The third simulation area focused on how patients were assigned. The prevailing belief was that random or acuity-based patient assignments would increase nurse travel time in the larger physical space. Three patient assignment scenarios were evaluated – down the hall, across the hall, and random/acuity. (See diagrams below) Simulation revealed that compared to the baseline model (current state) there was no impact on either travel time or dropped tasks from any of the three types of assignments. These findings suggested an opportunity for UTMB Health to begin assigning patients based on acuity and staff competency to reduce variation on staff utilization and potentially improve staff and patient satisfaction. “That feedback was highly useful with implications for the units we will be opening in the new hospital,” says Kirschbaum.

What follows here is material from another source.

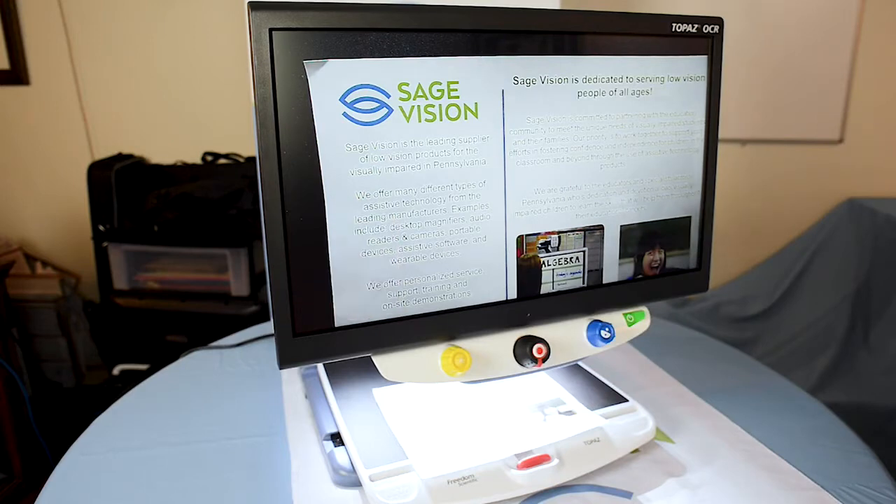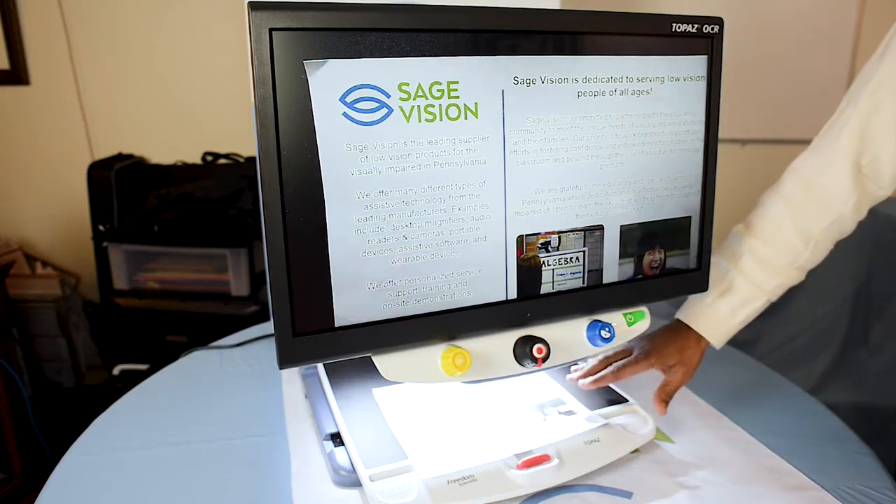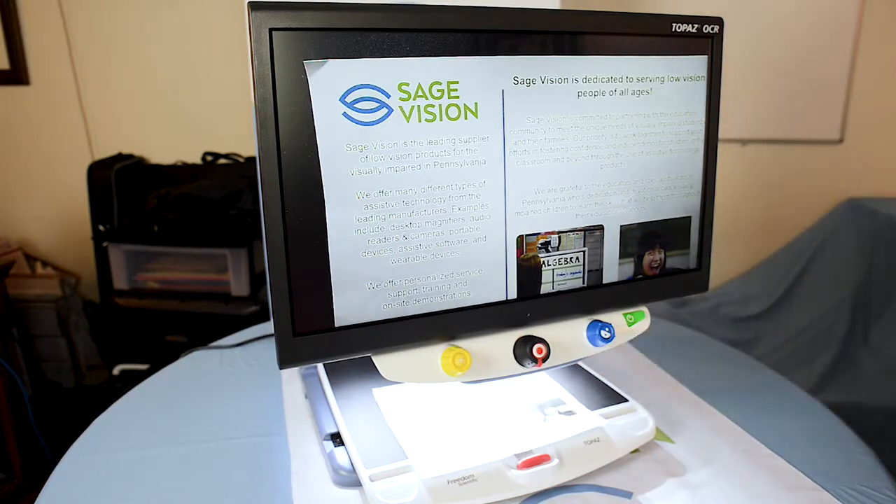This is great for if you're reading or writing, looking at your mail, reading the newspaper, menus — any sort of thing that you're trying to read that needs to be magnified. It's great for that.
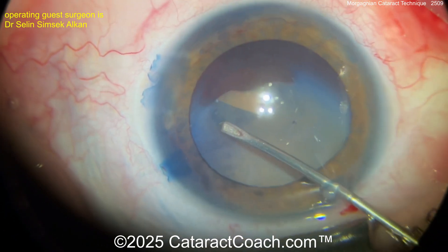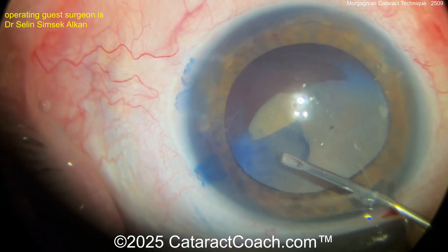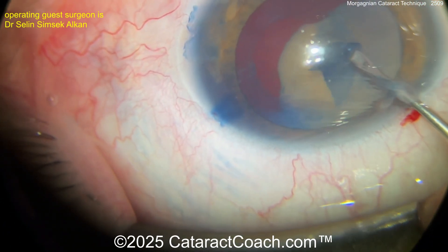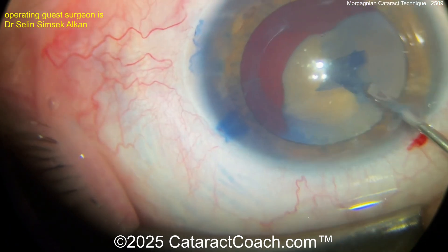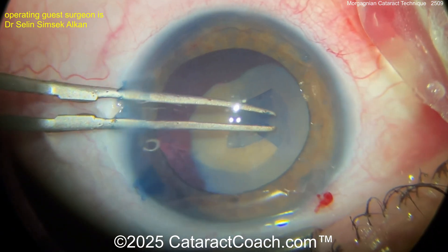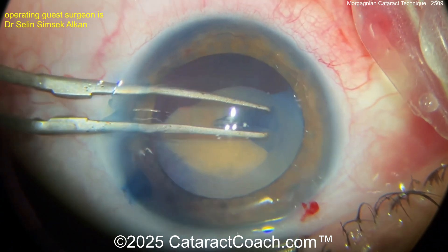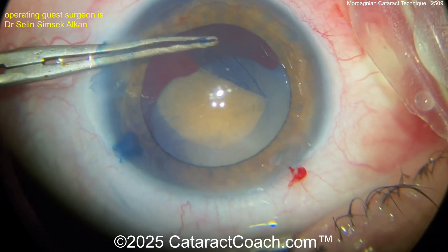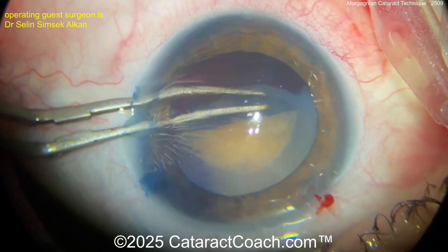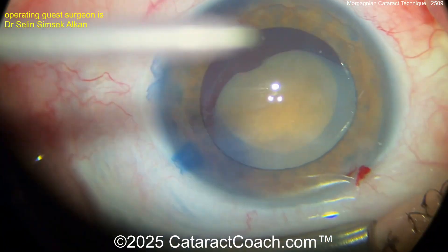This surgeon is doing a beautiful job getting the rhexis done. This is fantastic — and not so easy. Look how small the nucleus is, and it's partially sun-setted. We'll see the whole nucleus as we start doing the phaco, but getting a beautiful rhexis done here — not switching to forceps, just finishing that rhexis up. Very nice technique. The risk of Argentinian flag sign here is kind of low, so it's not something to stress about. Just get a nice-looking rhexis. That is it.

UTMB HEALTH’S PLANS FOR SIMULATION
One of the main takeaways from the initiative, says Kirschbaum, was an appreciation of the multiple inputs and outputs involved in patient care delivery.
Looking ahead, UTMB will take those learnings and, in combination with purchased simulation software, move forward with a broader patient flow agenda. “GE started us with a focus on a single med/surgunit. We’ve now opened that up for the targeted workflows around bottlenecks and how we move patients from ED to inpatient admission,” Kirschbaum says. “In addition to discrete event analysis in that level, we’re also stair-stepping up to a dynamic, whole-system view for our hospital to understand potential changes in workflow and what they might mean for us.”